Hemlock is in London to give guest lectures. At the Royal Academy he is hijacked by his former lover Vanessa Dyke to evaluate a contemporary bronze of a horse that is about to go up for auction. The thing is, Hemlock has the perfect eye - for art and for shooting. The mysterious vendor, it seems, is trying to hike the hammer price.
Next, Hemlock hooks up with a young Irish wannabe artist, Maggie Coyne. They spend the night in one of Hemlock's two luxury London pads. Next morning they find a man grusesomely murdered in the bathroom. Hemlock finds himself hijacked again, this time to the HQ of Loo, an interservice secret agency.
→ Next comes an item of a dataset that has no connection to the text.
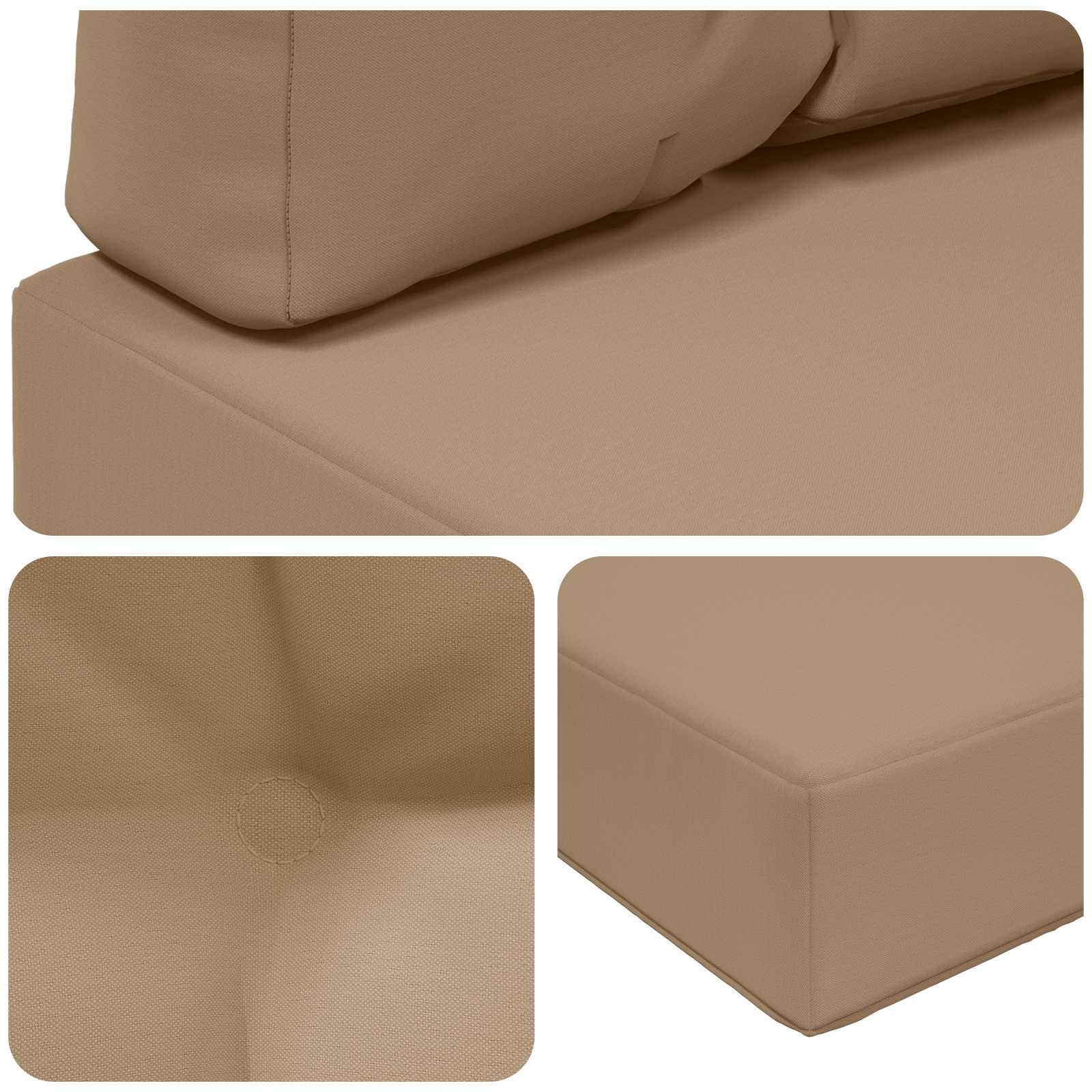 Buiten bankkussen 2 pcs Taupe Polyester image 8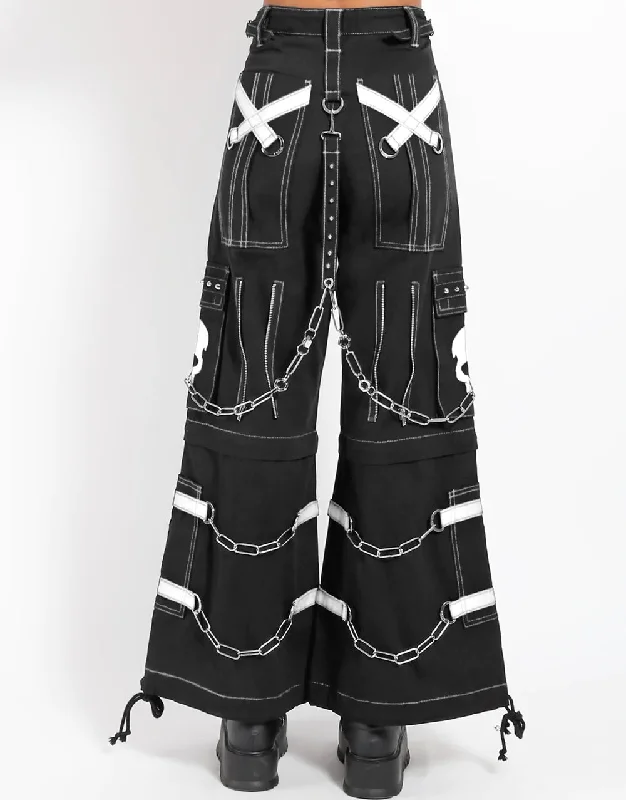 UNISEX Skull Zip Off Pants w/ White Details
Maggie has been recruited by them as bait. They want Hemlock to track down one Maximilian Strange who runs a high-class speciality brothel in which many high-ranking pillars of the Establishment have inadvertently let themselves be filmed in the act. Loo want the films. If Hemlock feels the need to 'sanction' someone, or indeed several, Loo will clean up the mess.
The thing about Trevanian is that his jokes are complex and dark. He was himself an academic and therefore has greater word-power than most pasticheurs. Jokes and comic names aside, he writes an extremely good thriller. He does not romanticise violence - it is gory and painful. The Seventies sex is free and plentiful but comes with consequences, feelings get hurt, people get abused. The book is not some clever bloke showing off. Trevanian's self-obscurity and scanty output testify to the effort he put into fine-tuning his work.
I am on the lookout for more. The Eiger Sanction itself, perhaps - or Shibumi, to which my favourite cntemporary US writer, Don Winslow, wrote a prequel.